Unfortunately the code dealing with XML in the library is 95% of the code, and you can't tell your compiler I won't need this, I promise never to call that function with argument set to XML.
Why the compiler can't detect it will not be used? Tree shaking is well implemented in Javascript compilers, an ecosystem which extensively suffer from this problem.
It should be possible to build a dependency graph and analyze which functions might actually end up in the scope. After all the same is already done for closures.
A more realistic example: something like printf or scanf. It can take an object of multiple types as argument. It takes computer's locale from environment and does locale dependent number and date formatting, also supports various timezones that it reads from OS.
And you always run it in a data center that uses a specific locale, and only UTC time zone, and very few simple types. But all this can only be known at runtime, except maybe types if the compiler is good.
You as the implementer might know the user will never input xml, so doc_format can't be 'xml' (you might even add some error handling if the user inputs this), but how can you communicate this to the compiler?
What you're calling "tree shaking" is more commonly called "dead code elimination" in compilers, and is one of the basic optimisations that any production compiler would implement.

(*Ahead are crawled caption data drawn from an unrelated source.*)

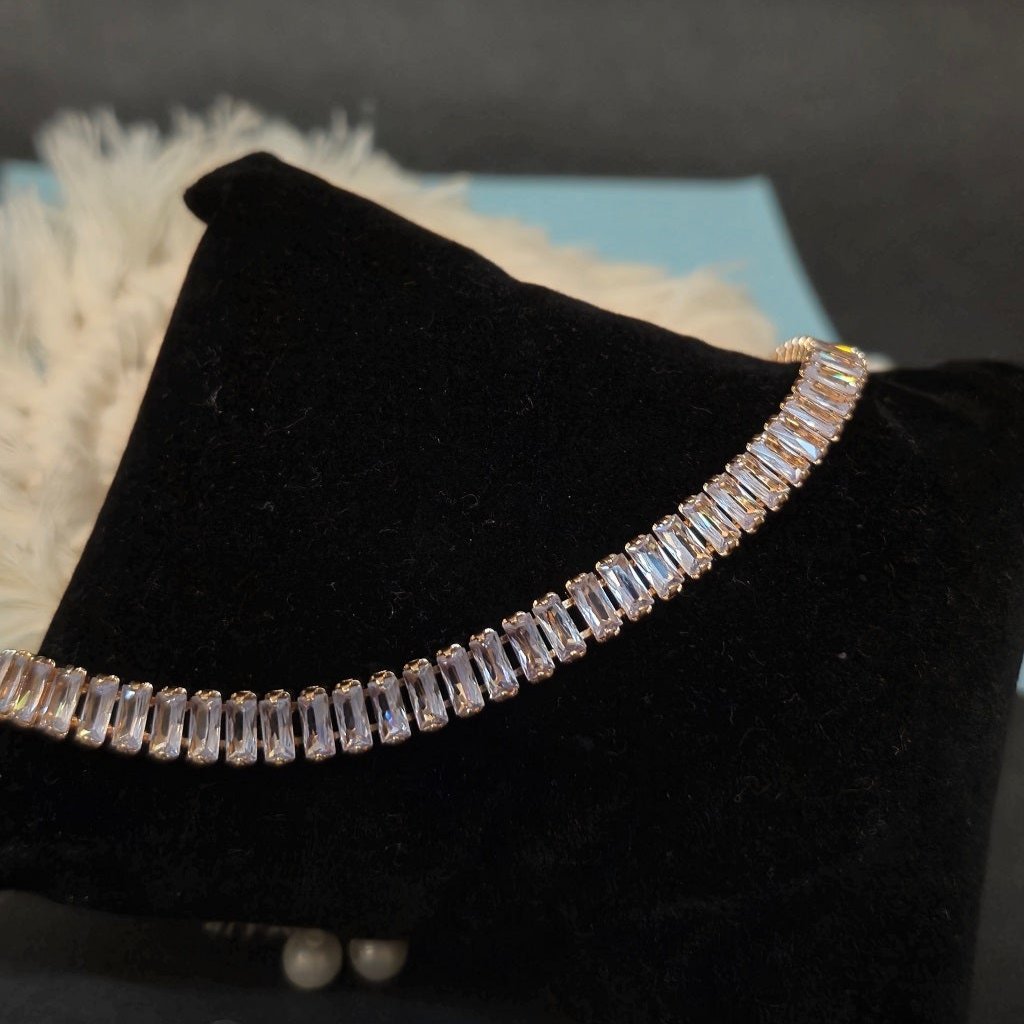 American Diamond Chain Unique Bracelet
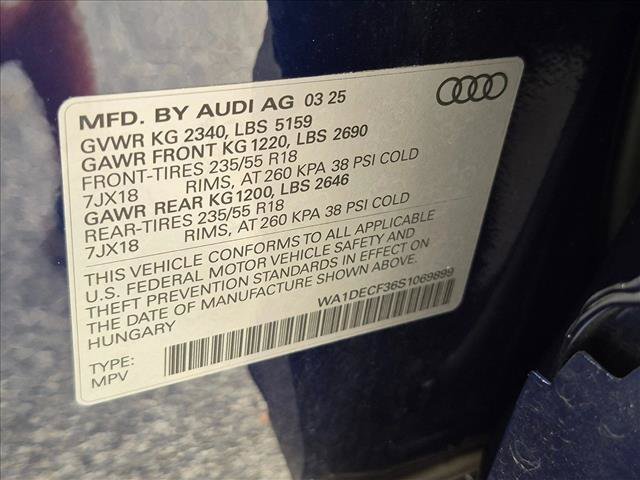 Certified 2025 Audi Q3 2.0T Premium w/ Convenience Package AWD/4WD image 25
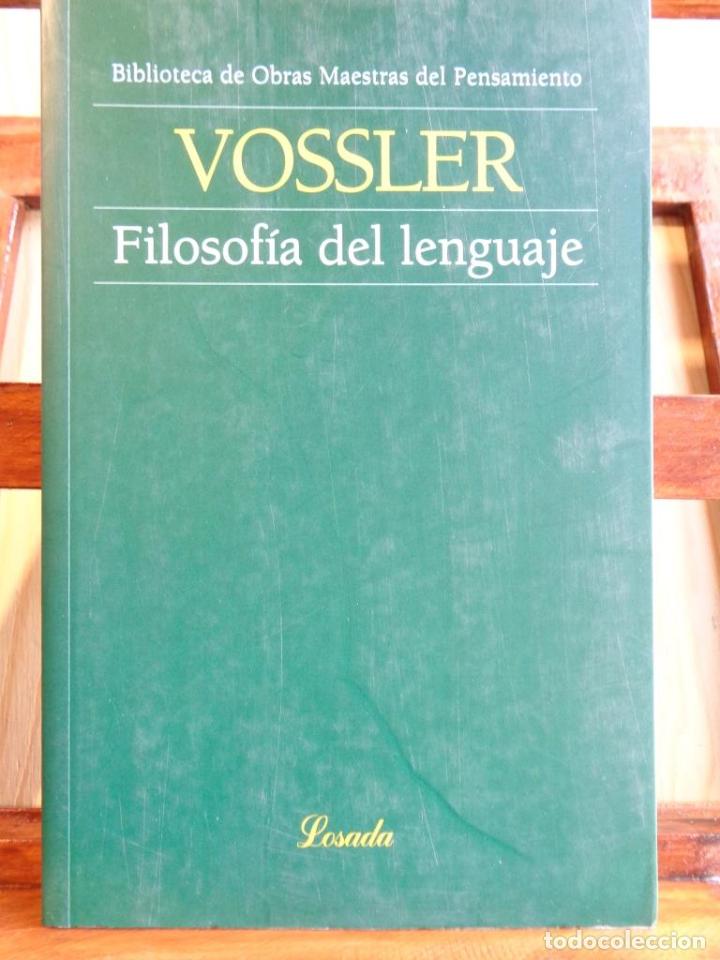Libros: FILOSOF&Iacute;A DEL LENGUAJE - KARL VOSSLER - Foto 1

A surprising amount of code might be executed in rarely-used or undocumented code paths (for example, if the DEBUG environment variable is 1 or because a plugin is enabled even if not actually used) and thus not shaken out by the compiler.
Plenty of libraries have "verbose" logging flags ship way more than assumed. I remember lots of NPM libs that require `winston` for example are runtime-configurable. Or Java libraries that require Log4J. With Rust it's getting hard to remember because everything today seems to pull the fucking kitchen sink...
And even going beyond "debug", plenty of libraries ship features that are downright unwanted by consumers.
The two famous recent examples are Heartbleed and Log4shell.
So, what's is the compiler doing that he doesnt remove unused code?